> **Prompt**:
Look through the listing below and say how many lines contain the word "high". Nothing else belongs in the reply.

◆ ◆ ◆ ◆

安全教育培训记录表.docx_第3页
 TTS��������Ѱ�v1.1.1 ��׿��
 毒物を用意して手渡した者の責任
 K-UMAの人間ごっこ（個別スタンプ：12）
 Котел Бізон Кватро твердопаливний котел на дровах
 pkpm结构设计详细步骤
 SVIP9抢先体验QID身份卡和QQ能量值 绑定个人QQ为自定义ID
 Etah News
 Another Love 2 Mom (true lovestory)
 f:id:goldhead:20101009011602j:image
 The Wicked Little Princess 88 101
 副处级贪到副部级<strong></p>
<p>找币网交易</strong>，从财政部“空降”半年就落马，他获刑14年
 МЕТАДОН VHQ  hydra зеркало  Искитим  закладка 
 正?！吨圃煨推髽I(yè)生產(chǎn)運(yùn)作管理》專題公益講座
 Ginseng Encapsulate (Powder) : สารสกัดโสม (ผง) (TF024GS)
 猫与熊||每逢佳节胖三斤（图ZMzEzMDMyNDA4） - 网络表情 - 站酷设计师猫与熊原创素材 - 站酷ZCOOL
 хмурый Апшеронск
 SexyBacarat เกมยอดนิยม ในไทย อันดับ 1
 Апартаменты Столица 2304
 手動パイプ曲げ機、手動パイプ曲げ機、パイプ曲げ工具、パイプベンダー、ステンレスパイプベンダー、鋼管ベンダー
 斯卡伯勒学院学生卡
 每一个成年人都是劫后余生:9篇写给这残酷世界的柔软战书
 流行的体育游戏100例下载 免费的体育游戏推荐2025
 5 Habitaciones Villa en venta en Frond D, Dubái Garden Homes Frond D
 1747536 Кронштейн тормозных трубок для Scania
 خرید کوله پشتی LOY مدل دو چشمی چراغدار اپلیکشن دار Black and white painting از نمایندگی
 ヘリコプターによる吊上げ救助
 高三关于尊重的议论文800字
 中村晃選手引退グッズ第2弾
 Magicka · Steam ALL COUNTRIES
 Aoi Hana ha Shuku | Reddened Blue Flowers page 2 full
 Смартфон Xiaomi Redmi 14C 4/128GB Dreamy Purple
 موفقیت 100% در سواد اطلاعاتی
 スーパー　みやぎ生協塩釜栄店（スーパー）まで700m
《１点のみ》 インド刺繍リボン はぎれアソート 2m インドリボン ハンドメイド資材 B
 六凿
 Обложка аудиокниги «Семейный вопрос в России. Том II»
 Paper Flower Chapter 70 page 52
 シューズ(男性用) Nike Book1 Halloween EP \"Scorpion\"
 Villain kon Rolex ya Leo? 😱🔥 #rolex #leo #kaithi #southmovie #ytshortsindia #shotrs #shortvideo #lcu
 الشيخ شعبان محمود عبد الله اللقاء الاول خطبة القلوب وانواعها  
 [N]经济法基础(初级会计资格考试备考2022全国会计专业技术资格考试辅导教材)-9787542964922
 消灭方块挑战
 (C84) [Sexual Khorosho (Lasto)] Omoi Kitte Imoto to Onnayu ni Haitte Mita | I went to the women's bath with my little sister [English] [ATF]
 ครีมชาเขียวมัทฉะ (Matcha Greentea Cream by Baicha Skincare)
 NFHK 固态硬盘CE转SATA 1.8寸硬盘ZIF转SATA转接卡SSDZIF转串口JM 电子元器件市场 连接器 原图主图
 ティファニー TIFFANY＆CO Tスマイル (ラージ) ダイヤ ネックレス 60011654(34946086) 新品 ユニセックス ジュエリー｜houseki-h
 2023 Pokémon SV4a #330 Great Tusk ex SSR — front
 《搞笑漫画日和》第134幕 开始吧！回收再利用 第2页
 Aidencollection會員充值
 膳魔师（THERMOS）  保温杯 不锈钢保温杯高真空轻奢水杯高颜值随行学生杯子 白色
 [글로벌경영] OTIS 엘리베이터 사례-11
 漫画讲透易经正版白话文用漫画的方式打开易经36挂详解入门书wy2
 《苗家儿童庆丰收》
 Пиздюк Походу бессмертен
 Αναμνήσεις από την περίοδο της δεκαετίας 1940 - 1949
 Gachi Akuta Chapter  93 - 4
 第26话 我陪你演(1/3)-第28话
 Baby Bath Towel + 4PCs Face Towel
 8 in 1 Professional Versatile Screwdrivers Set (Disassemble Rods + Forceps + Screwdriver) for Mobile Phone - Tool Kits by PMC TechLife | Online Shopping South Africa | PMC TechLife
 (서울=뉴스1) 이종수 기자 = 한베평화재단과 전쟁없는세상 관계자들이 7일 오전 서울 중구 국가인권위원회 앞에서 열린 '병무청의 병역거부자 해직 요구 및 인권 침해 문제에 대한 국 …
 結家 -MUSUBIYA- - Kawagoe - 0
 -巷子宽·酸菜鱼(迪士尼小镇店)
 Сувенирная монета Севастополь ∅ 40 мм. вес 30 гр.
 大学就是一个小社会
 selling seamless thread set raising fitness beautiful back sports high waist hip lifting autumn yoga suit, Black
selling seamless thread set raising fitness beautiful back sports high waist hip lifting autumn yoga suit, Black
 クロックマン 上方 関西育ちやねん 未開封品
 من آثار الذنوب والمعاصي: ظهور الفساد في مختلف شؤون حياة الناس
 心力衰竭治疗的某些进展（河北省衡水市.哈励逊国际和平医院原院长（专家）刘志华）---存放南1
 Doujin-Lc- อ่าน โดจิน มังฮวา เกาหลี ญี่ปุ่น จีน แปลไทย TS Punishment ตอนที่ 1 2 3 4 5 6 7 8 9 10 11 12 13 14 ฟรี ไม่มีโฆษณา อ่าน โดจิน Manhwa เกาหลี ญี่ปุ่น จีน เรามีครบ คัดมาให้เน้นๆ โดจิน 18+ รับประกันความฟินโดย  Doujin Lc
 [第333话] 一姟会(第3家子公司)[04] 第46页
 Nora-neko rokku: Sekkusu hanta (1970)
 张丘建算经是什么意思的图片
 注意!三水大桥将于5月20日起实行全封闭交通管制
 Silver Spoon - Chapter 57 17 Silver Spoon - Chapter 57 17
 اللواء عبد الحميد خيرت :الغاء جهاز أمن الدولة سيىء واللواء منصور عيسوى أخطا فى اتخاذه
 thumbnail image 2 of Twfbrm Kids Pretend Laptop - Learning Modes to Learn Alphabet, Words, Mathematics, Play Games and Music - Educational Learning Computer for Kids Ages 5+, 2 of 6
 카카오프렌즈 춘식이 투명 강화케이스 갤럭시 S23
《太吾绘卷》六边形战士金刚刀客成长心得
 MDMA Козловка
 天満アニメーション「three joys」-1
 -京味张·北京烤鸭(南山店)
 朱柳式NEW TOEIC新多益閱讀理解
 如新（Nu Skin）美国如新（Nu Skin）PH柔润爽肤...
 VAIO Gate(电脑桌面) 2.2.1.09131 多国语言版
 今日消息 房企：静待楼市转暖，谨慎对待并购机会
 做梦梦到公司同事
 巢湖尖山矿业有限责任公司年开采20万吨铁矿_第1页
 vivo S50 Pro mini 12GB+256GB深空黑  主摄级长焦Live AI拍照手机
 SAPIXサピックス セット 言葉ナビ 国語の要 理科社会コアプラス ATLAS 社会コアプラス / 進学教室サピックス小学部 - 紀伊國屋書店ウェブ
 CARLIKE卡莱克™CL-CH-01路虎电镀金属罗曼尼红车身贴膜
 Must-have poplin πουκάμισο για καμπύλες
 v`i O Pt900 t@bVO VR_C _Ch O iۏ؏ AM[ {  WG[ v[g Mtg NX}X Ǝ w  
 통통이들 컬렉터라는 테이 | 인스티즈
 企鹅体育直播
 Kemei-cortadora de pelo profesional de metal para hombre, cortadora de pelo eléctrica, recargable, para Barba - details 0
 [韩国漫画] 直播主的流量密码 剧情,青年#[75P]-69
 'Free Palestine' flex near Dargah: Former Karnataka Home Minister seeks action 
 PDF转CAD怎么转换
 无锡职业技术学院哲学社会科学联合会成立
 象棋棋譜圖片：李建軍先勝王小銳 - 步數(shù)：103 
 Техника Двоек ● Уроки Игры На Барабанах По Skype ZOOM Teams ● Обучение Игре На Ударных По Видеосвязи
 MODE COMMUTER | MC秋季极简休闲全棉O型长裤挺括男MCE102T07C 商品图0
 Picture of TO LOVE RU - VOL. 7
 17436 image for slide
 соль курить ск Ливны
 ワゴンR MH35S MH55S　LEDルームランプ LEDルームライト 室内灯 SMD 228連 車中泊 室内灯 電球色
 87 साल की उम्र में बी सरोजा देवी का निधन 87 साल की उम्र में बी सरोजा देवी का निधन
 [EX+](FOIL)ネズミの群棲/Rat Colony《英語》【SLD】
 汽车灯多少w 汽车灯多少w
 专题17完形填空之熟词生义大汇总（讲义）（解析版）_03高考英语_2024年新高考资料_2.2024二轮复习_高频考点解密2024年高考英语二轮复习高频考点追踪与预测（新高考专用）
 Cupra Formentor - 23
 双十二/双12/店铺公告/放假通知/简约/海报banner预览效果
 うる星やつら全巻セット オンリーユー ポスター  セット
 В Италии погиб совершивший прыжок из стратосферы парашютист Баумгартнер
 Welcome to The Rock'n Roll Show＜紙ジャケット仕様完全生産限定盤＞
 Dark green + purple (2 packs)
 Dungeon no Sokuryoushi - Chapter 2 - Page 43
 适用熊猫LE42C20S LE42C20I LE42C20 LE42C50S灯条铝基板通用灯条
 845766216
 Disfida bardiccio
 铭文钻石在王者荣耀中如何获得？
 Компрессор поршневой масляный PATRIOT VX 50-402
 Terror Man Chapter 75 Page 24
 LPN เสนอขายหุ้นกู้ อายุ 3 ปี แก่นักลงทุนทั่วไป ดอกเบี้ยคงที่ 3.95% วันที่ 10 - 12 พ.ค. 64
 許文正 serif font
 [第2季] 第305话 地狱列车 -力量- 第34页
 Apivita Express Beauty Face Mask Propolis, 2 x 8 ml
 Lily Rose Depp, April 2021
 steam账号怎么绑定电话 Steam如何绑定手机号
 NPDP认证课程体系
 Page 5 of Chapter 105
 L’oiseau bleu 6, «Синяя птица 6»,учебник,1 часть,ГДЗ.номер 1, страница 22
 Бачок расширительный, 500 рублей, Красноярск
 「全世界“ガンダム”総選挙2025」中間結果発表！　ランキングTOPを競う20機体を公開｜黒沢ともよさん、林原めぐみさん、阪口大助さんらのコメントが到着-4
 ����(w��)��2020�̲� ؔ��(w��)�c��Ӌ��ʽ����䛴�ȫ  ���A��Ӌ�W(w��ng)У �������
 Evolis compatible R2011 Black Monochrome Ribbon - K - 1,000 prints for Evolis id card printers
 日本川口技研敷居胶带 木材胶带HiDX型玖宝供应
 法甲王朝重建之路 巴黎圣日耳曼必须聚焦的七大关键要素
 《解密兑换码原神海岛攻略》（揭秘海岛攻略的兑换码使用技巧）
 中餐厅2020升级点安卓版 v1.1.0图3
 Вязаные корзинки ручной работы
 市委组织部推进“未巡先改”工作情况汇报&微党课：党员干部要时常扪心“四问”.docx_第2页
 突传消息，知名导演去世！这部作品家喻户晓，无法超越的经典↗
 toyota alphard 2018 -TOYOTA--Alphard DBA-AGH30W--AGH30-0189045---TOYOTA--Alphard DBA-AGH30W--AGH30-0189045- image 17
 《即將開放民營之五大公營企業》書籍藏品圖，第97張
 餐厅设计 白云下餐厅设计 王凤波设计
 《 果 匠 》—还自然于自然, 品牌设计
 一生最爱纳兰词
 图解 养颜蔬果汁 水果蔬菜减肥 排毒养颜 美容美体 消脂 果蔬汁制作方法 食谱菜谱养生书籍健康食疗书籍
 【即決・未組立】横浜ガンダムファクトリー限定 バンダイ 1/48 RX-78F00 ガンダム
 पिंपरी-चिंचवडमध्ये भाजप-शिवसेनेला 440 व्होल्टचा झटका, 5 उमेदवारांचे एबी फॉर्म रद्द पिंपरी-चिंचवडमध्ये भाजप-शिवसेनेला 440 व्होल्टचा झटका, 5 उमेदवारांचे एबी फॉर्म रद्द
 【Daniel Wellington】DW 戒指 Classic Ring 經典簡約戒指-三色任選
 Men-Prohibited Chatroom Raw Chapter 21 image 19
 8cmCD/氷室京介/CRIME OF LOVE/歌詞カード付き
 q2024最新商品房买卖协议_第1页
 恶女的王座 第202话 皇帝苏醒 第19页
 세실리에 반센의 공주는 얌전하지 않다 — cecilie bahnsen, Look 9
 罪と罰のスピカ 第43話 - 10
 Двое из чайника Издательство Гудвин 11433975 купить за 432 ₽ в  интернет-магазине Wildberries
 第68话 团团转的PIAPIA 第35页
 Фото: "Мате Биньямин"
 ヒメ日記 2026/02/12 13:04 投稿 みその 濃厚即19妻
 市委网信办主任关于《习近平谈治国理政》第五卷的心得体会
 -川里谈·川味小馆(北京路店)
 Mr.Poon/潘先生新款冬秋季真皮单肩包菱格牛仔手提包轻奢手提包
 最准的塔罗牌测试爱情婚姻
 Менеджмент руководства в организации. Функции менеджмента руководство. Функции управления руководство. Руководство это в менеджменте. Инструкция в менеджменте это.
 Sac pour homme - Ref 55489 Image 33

◆ ◆ ◆ ◆

> **Response area**:
2